--- REQUIRED WORK ---
When you return the data, keep every line exactly as it is and leave out the pictures.

--- DATASET SECTION ---
───

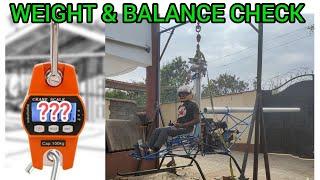 Weight and balance check: Experimental homemade helicopter build, Part 22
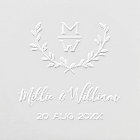 Simple Monogramme Rustique Wreath Mariage personna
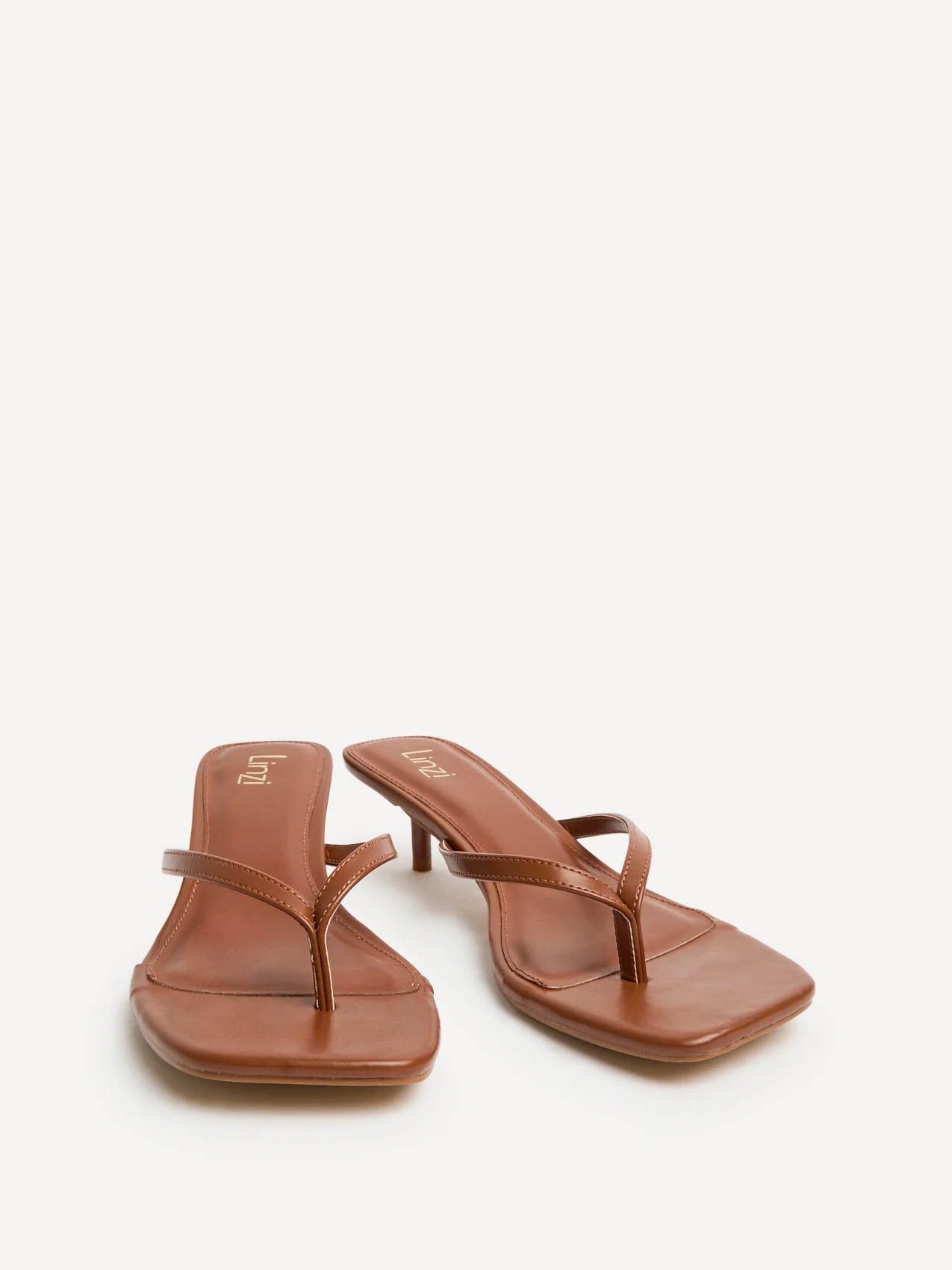 Stassie Tan Mule Heels - Image 3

───

--- EXPECTED OUTPUT ---
 Weight and balance check: Experimental homemade helicopter build, Part 22
 Simple Monogramme Rustique Wreath Mariage personna
 Stassie Tan Mule Heels - Image 3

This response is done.